Given the sleeker physique the i30 Fastback N is actually marginally quicker in a straight line than the hatch, due to less drag. It also receives a new global N suspension tune, that includes Aussie input. Plus look closer and you’ll pick up the fact it’s longer, by 120mm and 21mm lower compared to the hatch.

While front on is identical, the rear tapers away into a nice little lip spoiler. There are some disastrous Fastback designs around, but this looks like it was always supposed to be one. The wheel arches bulge, filled by 19-inch rims while the rear is one of the more unique back-ends you’ll see on the road, it’s a real head turner. Some hate it, I don’t.


Honestly life is basically the same as a daily driver. It does weigh 12kg more than the hatch, but no one will notice that. If anything, I found the Fastback model a little more comfortable on backroads, it felt a tad more car-like rather than rock-hard and edgy. But only just, it’s still just as capable of sounding like a maniac, with its unexpected soundtrack. 

The whole concept is so well done, from a scoot down to the shops to a full-blown track day the i30 Fastback N can do it all, and on the cheap. The interior is a replica up front, aside from some red stitching instead of blue. The rear pew isn’t going to be much fun for long trips, with reduced headroom. Plus, the steeply racked rear window does reduce visibility, it could also do with a wiper!
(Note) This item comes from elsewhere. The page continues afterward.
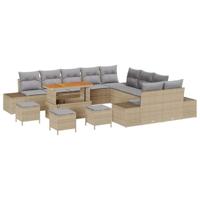 Tuinbankenset met kussen 14 pcs Beige poly rattan - thumbnail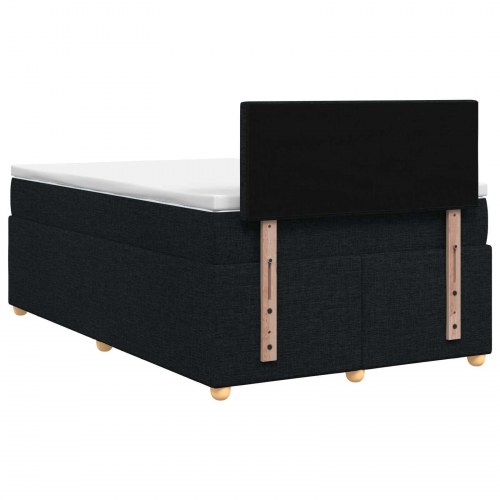Boxmadras med topmadras og hovedgærde 120 x 190 cm - sort stof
But as I said about the hatch it’s still that “boozy teenager coming home at 5am in the morning, smashing over things and generally being raucous and belligerent.” Although on this occasion the teenager is a prefect and a little more mature. 

Vital Stats

For full specifications check out our EFTM in the garage piece.


It’s all there, Apple CarPlay and Android Auto. Autonomous emergency braking (AEB) is standard along with satellite navigation via an eight-inch colour touchscreen. A luxury pack option adds a wireless inductive charging pad for smartphones plus automatic wipers, auto-dimming rear-view mirror and some suede inserts and leather bolsters among others.
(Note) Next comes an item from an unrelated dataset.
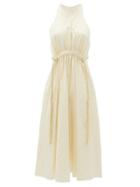 Matchesfashion.com Ssone - Drawstring-waist Striped-satin Dress - Womens - Cream
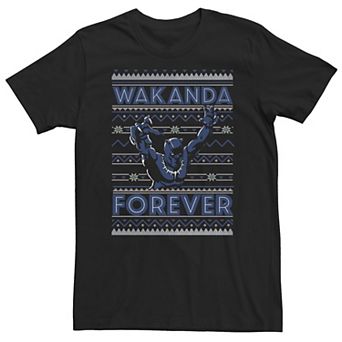 Big & Tall Marvel Black Panther "Wakanda Forever" Ugly Christmas Sweater Tee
Prices start at $41,990, $2000 more than the hatch at $39,990 before on roads. The Luxury Pack adds an extra $3,000 and you can option a panoramic sunroof to the same package for an extra $2,000. The claimed fuel economy is 8.0L/100km. The car is covered by a five years/unlimited kilometre warranty, that includes non-competitive track days. You can even fit slicks. 


Because you are approaching 40.


After a week I’ve cast aside my desire for the hatchback, the Fastback just stands out so much more. Which is exactly what the N Performance division is all about. It’s a 9.1 out of 10 from me.